While practitioners have been exploiting this relationship for decades, the idea has gained broad acceptance in the academic community only within the past 20 years. Momentum runs counter to the predictions of the efficient market hypothesis, but the evidence is too overwhelming to ignore.

Included in their article was the following study of momentum on U.S. and global stocks:

The tables below illustrate the momentum effect among large-cap U.S. and global stocks. Each column represents a fifth of the total number of stocks in the sample, which are ranked by their momentum. While there is not a linear relationship between the momentum quintiles, stocks with the highest momentum consistently outperform those in the lowest momentum quintile. Small-cap stocks tend to exhibit a stronger momentum effect. However, they can be more expensive to trade.

french Momentum: A Powerful Way To Enhance Returns

I also enjoyed this part about how the persistence of excess returns from momentum strategies continues to baffle people:

This evidence creates a puzzle. If the market were efficient, a simple trading rule should not produce superior returns. Arbitrage is a powerful force that should eliminate any excess profits, and yet, momentum has persisted 20 years after it was first widely published. Perhaps more troubling to disciples of Ben Graham and Warren Buffett, momentum appears to be at odds with decades of research, which suggest that stocks trading at low valuations tend to outperform.

The article also makes a strong case for why momentum makes a better companion for value than does growth:

In their paper, “Value and Momentum Everywhere,” Asness, Moskowitz, and Pedersen found that momentum worked well when value didn’t, and vice versa. Because they are two sides of the same coin, each with excess returns, combining value and momentum in a portfolio can offer powerful diversification benefits.

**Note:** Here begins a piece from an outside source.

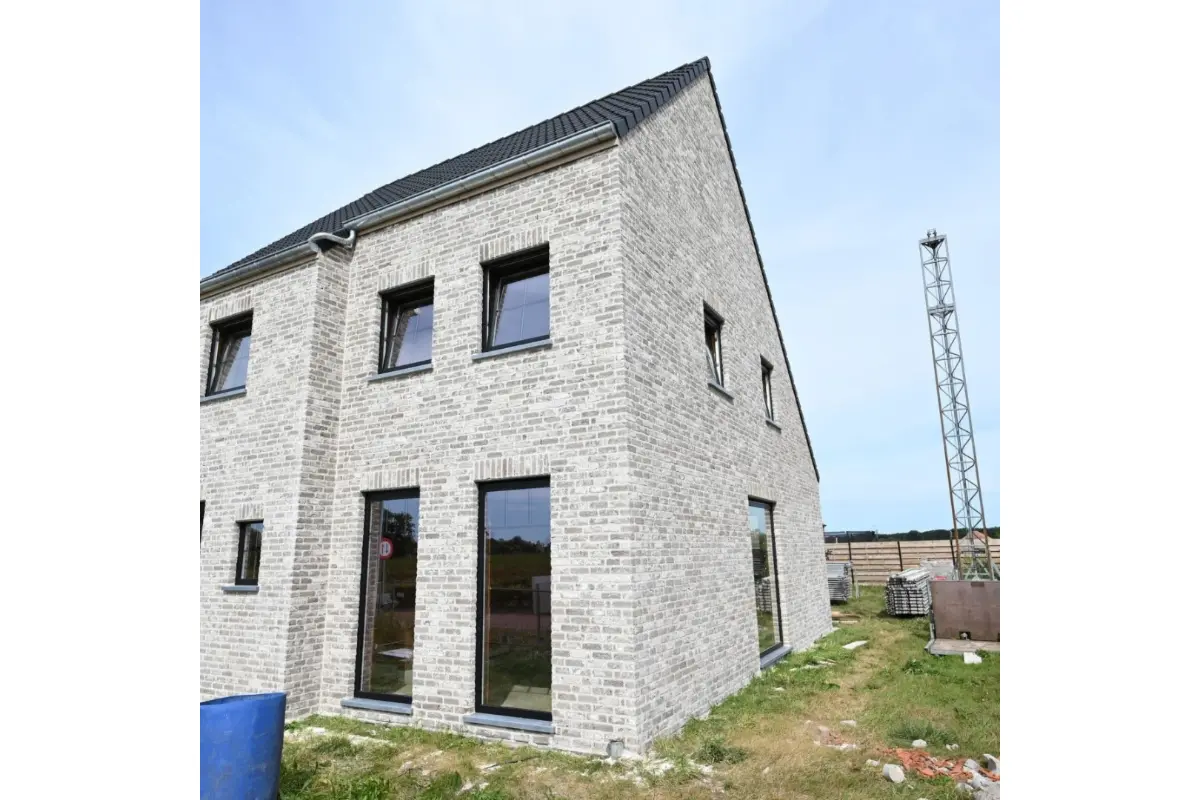 Huis te  koop in Waardamme 8020 429000.00€ 3 slaapkamers m² - Zoekertje 590003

It’s not necessary, or advisable, to abandon value investing to benefit from momentum. Instead, momentum may be a good substitute for investors’ growth allocations. Momentum offers higher expected returns than growth and tends to be less correlated with value. The chart below compares the performance of a portfolio consisting equal weights in the Russell 1000 Value and Growth indexes, with a portfolio that replaces the growth allocation with the AQR Momentum Index. The two portfolios have similar volatility, but the value and momentum portfolio offers slightly better absolute and risk-adjusted returns.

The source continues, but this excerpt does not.